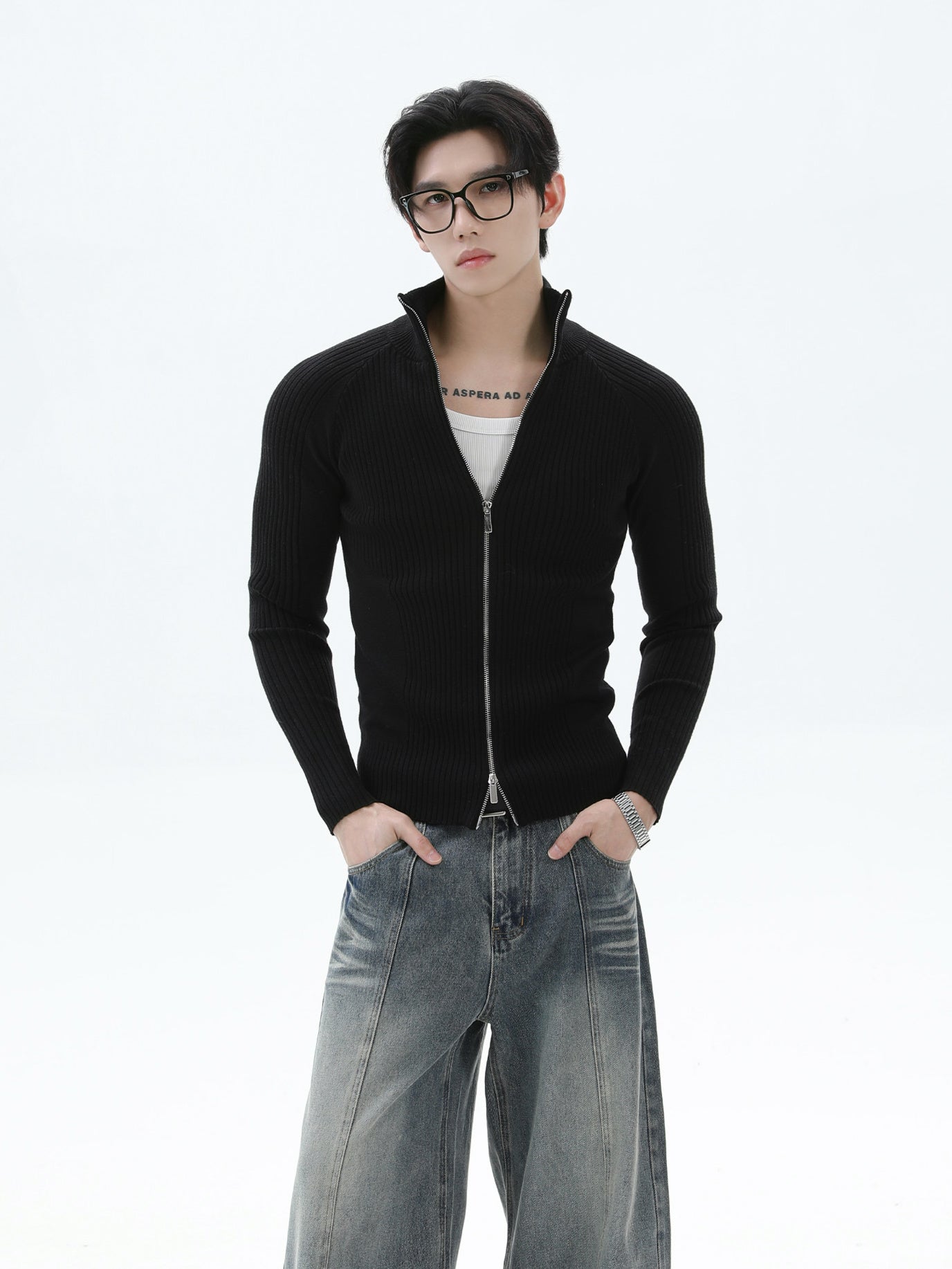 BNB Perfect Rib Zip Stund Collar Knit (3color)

* * *

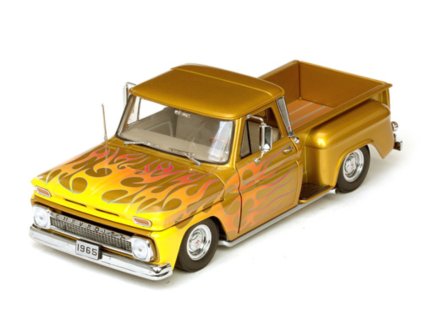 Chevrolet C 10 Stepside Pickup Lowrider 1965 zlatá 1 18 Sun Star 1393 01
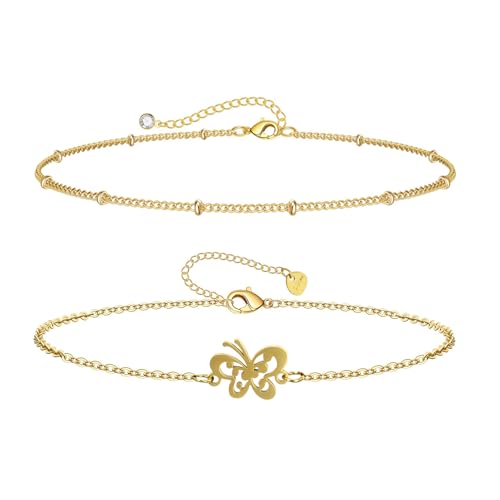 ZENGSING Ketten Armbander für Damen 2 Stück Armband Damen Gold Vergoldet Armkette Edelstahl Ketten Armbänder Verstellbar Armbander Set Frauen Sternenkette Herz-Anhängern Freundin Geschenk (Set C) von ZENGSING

---

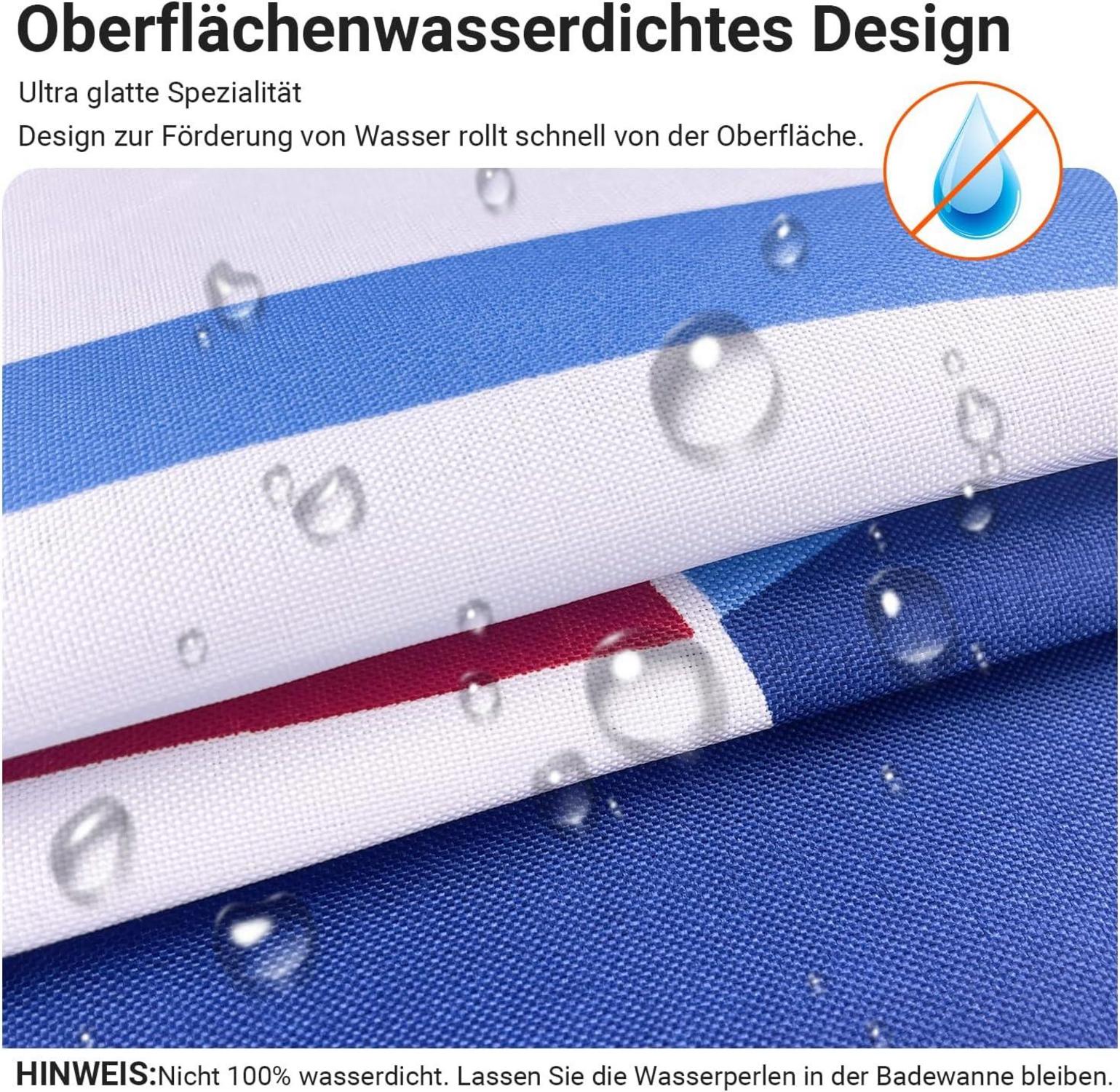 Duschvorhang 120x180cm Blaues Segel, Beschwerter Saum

The task
Output exactly those lines of the data above that run from the line with "Chevrolet C 10" up to and including the line with "ZENGSING Ketten Armbander". No pictures go in.

Written answer
 Chevrolet C 10 Stepside Pickup Lowrider 1965 zlatá 1 18 Sun Star 1393 01
 ZENGSING Ketten Armbander für Damen 2 Stück Armband Damen Gold Vergoldet Armkette Edelstahl Ketten Armbänder Verstellbar Armbander Set Frauen Sternenkette Herz-Anhängern Freundin Geschenk (Set C) von ZENGSING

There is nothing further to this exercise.